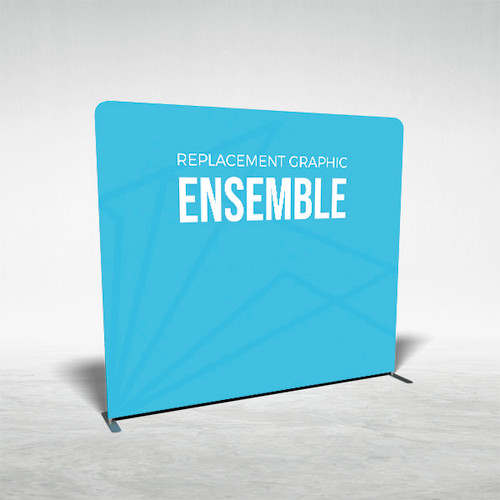115" x 101" Ensemble Display - Replacement Trade Show Graphic
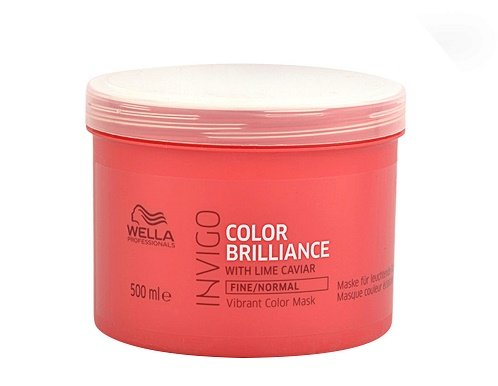 BRILLIANCE MASCHERA CAPELLI COLORATI FINE/NORMAL 500ML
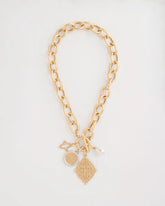 Chico's Discount - Toggle Cameo Charm Necklace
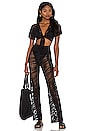 view 4 of 4 Miller Pant in Black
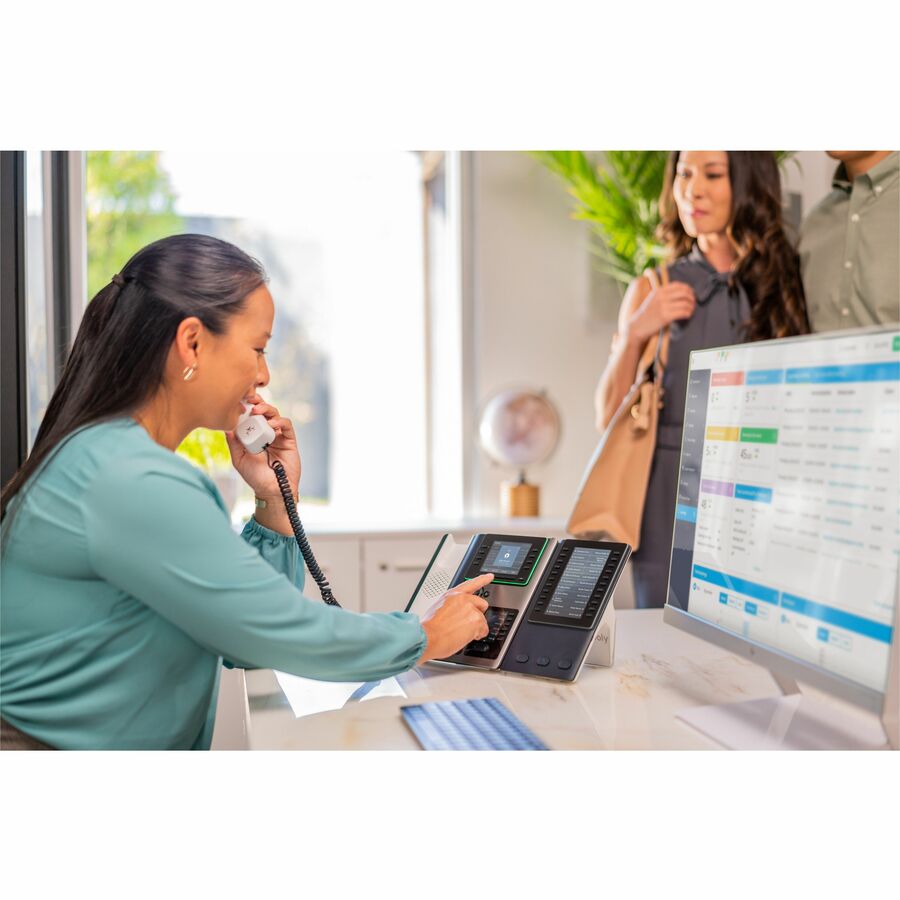 Poly Edge IP Phone - Corded - Corded - Desktop - Image 7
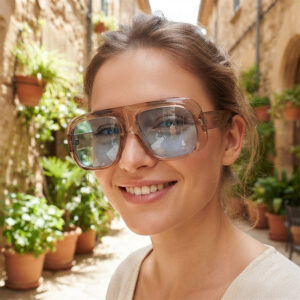 oly-589c822b198d31552e00b94c2a12248e Wholesale Retro Ring Detail Oversized Sunglasses for Sun Protection Everyday Wear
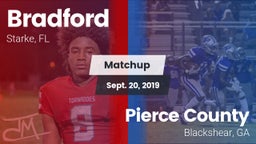 Matchup: Bradford  vs. Pierce County  2019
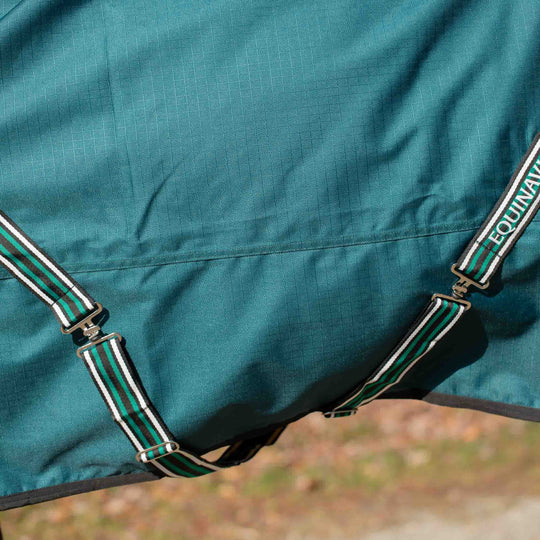 Equinavia Arktis Extended Neck Mid Weight Turnout Blanket 200g image 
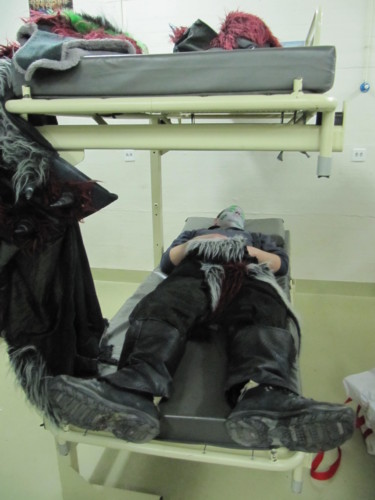 Carnaval des Bolzes à Fribourg en 2014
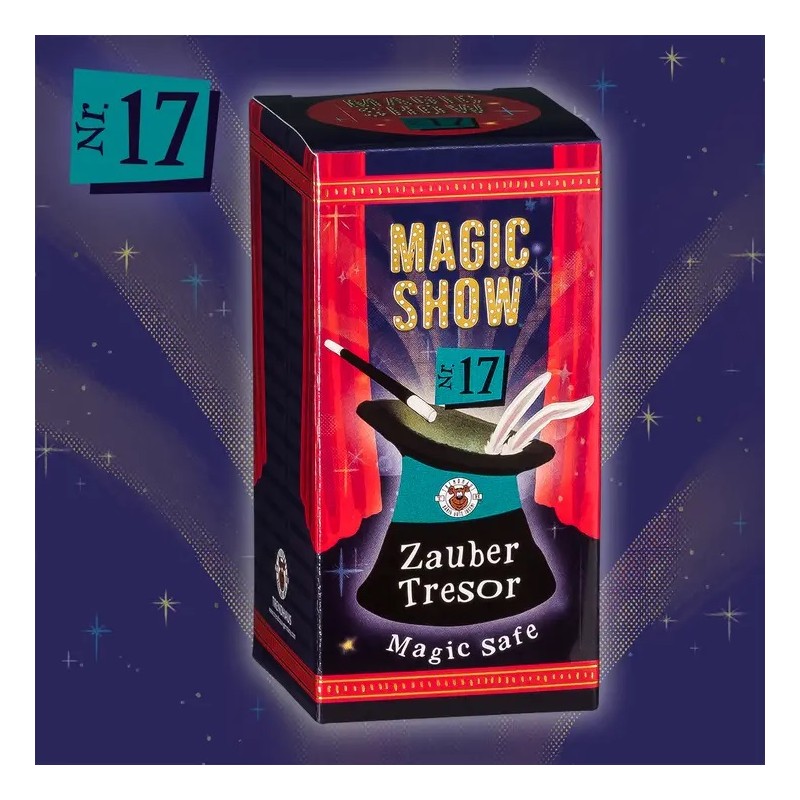 MAGIC SHOW TRUCO DE MAGIA MAGIC SAFE / CAJA MÁGICA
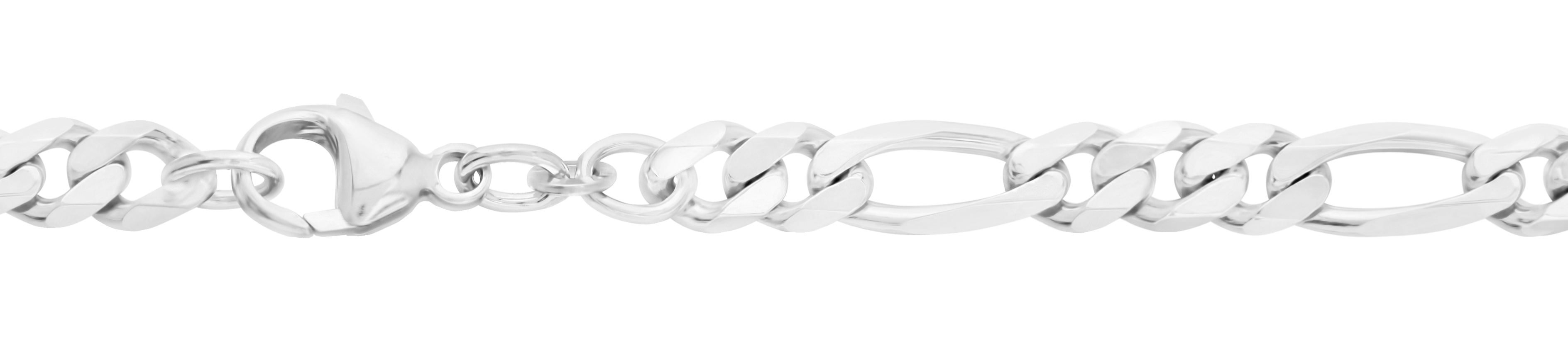 Collier Figaro diamantiert 5.7mm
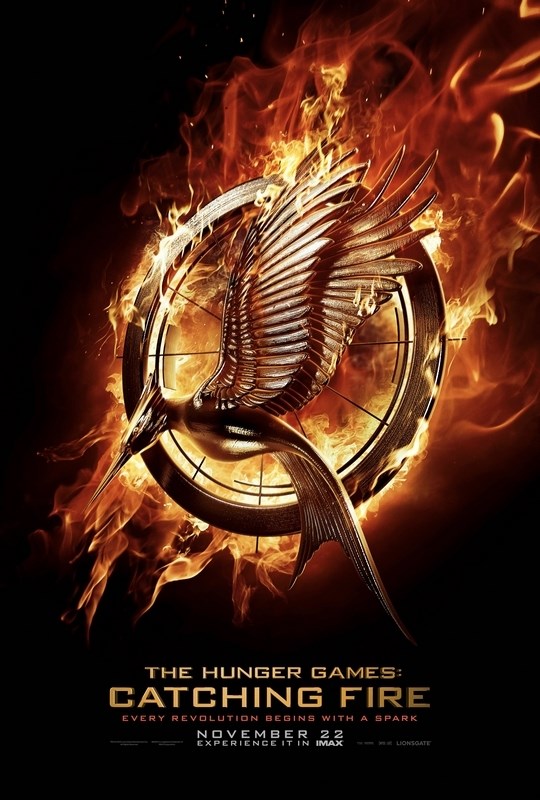 Постер к фильму "Голодные игры: И вспыхнет пламя" (The Hunger Games Catching Fire) Оригина
Постер к фильму "Голодные игры: И вспыхнет пламя" (The Hunger Games Catching Fire) Оригина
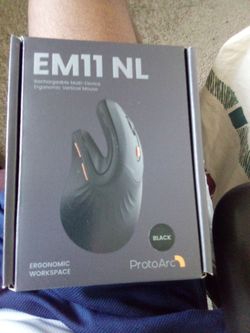 EM11 NL ProtoArc  Ergonomic Vertical Mouse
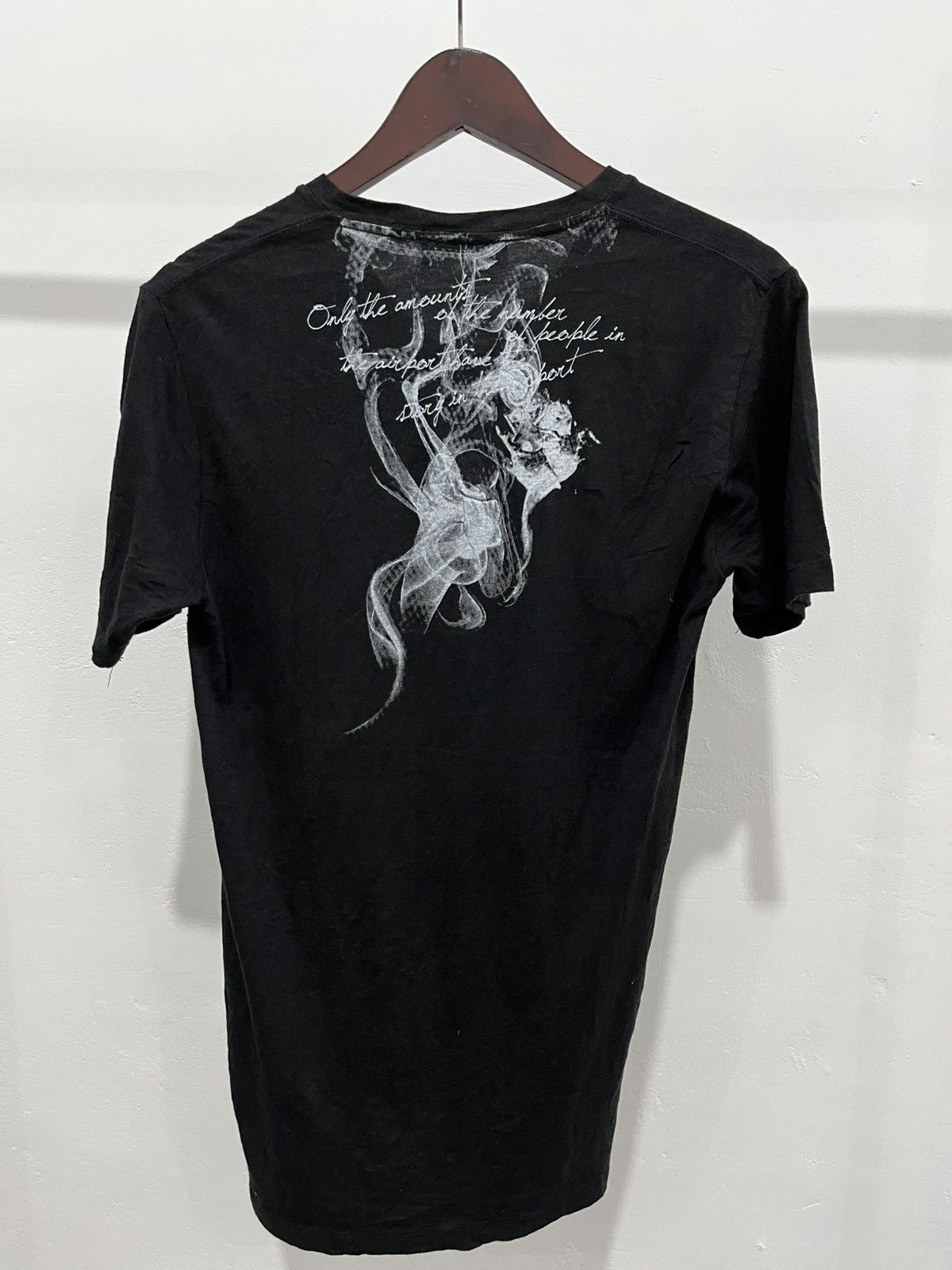 If Six Was Nine × Japanese Brand × Yasuyuki Ishii Asm poem vampire tee Size US XS / EU 42 / 0 - 2 Thumbnail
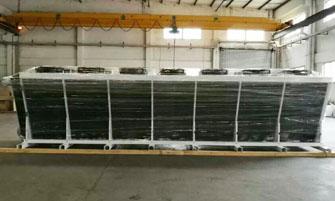 Blockchain Miners Hybrid Dry Cooler With Ziehl Abegg Axial Fans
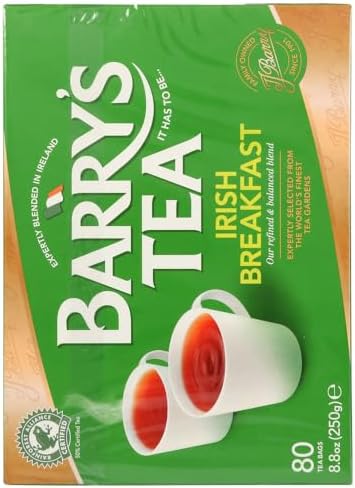 Barrys Tea Irish Breakfast tea, 80 CT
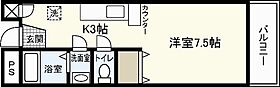 グレース本川  ｜ 広島県広島市中区本川町3丁目（賃貸マンション1R・7階・24.45㎡） その2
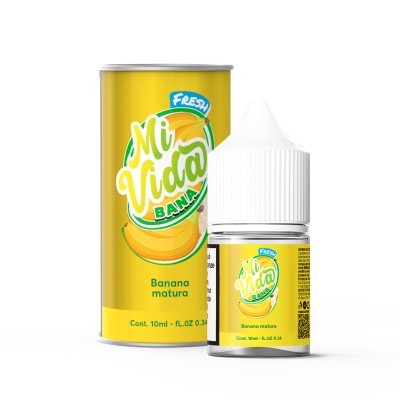 MI VIDA - BANANA MATURA 10/20
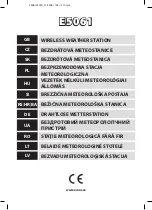 Preview for 1 page of Emos E5061 Manual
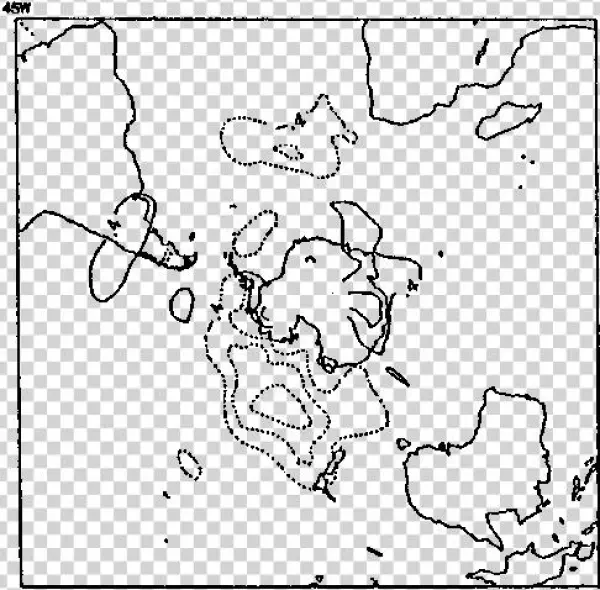 Changes In The 3±9 Days ®ltered Standard Deviation
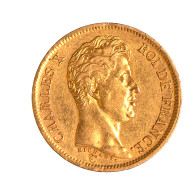 Charles X-40 Francs 1824 Paris - 40 Francs (gold)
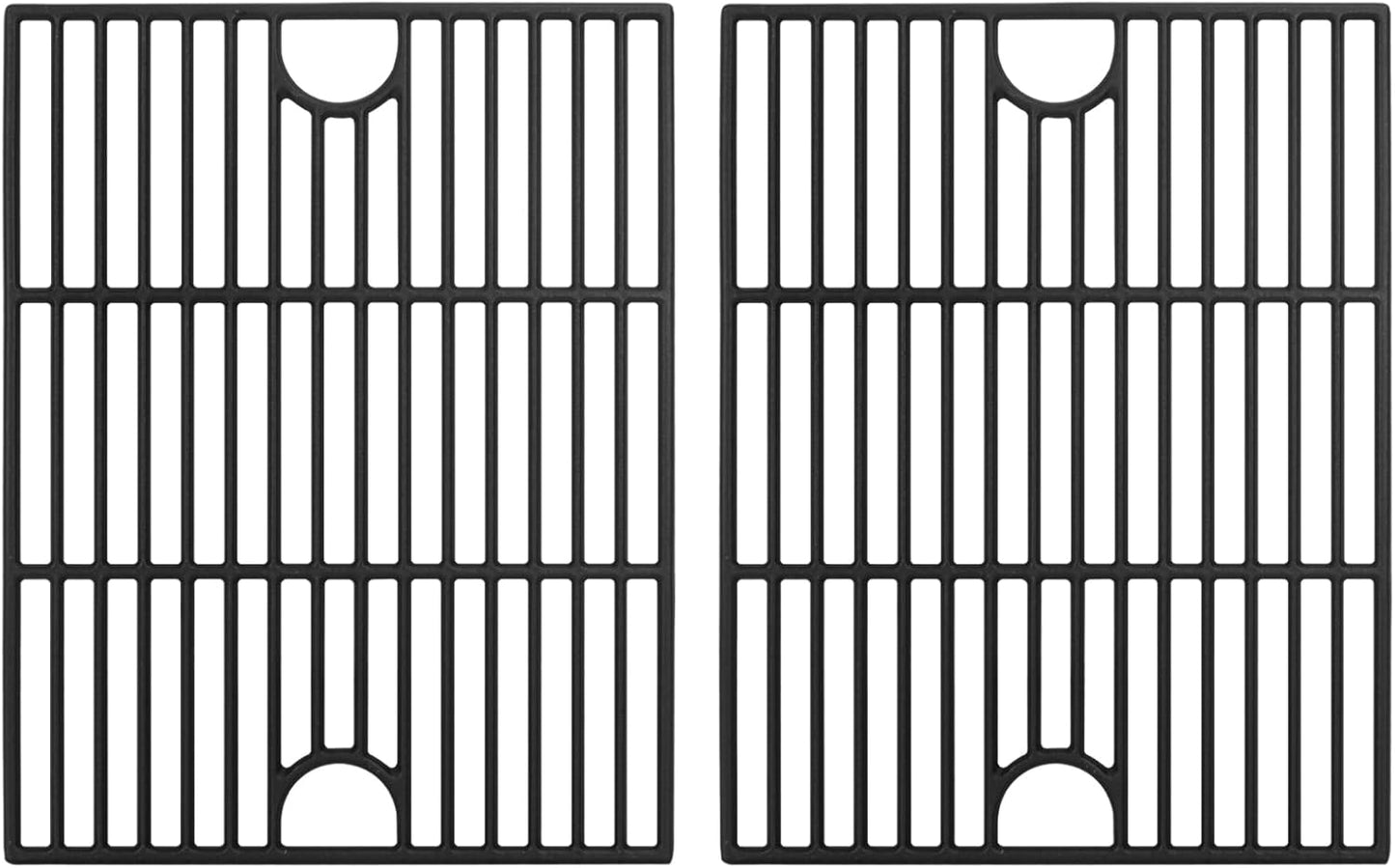 17" Grill Grates Replacement Parts for Nexgrill 4-Burner 720-0830H 720-0783E Nexgrill Replacement Parts 5 Burner 720-0888N 720-0888 720-0697, Grill Parts for Kenmore, Uniflame and More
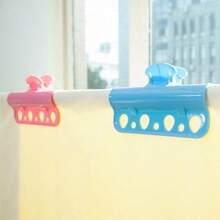 Cuerda Para Tender Ropa Resistente Al Viento Con Ganchos Y Clips Para La Ropa, Tendedero Para Secar Ropa Al Aire Libre - Verde - Ver 8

• [The problem]
Could you copy every record above exactly, leaving out the pictures?

• [Finished task]
115" x 101" Ensemble Display - Replacement Trade Show Graphic
 BRILLIANCE MASCHERA CAPELLI COLORATI FINE/NORMAL 500ML
 Chico's Discount - Toggle Cameo Charm Necklace
 view 4 of 4 Miller Pant in Black
 Poly Edge IP Phone - Corded - Corded - Desktop - Image 7
 oly-589c822b198d31552e00b94c2a12248e Wholesale Retro Ring Detail Oversized Sunglasses for Sun Protection Everyday Wear
 Matchup: Bradford  vs. Pierce County  2019
 Equinavia Arktis Extended Neck Mid Weight Turnout Blanket 200g image 
 Carnaval des Bolzes à Fribourg en 2014
 MAGIC SHOW TRUCO DE MAGIA MAGIC SAFE / CAJA MÁGICA
 Collier Figaro diamantiert 5.7mm
 Постер к фильму "Голодные игры: И вспыхнет пламя" (The Hunger Games Catching Fire) Оригина
Постер к фильму "Голодные игры: И вспыхнет пламя" (The Hunger Games Catching Fire) Оригина
 EM11 NL ProtoArc  Ergonomic Vertical Mouse
 If Six Was Nine × Japanese Brand × Yasuyuki Ishii Asm poem vampire tee Size US XS / EU 42 / 0 - 2 Thumbnail
 Blockchain Miners Hybrid Dry Cooler With Ziehl Abegg Axial Fans
 Barrys Tea Irish Breakfast tea, 80 CT
 グレース本川  ｜ 広島県広島市中区本川町3丁目（賃貸マンション1R・7階・24.45㎡） その2
 MI VIDA - BANANA MATURA 10/20
 Preview for 1 page of Emos E5061 Manual
 Changes In The 3±9 Days ®ltered Standard Deviation
 Charles X-40 Francs 1824 Paris - 40 Francs (gold)
 17" Grill Grates Replacement Parts for Nexgrill 4-Burner 720-0830H 720-0783E Nexgrill Replacement Parts 5 Burner 720-0888N 720-0888 720-0697, Grill Parts for Kenmore, Uniflame and More
 Cuerda Para Tender Ropa Resistente Al Viento Con Ganchos Y Clips Para La Ropa, Tendedero Para Secar Ropa Al Aire Libre - Verde - Ver 8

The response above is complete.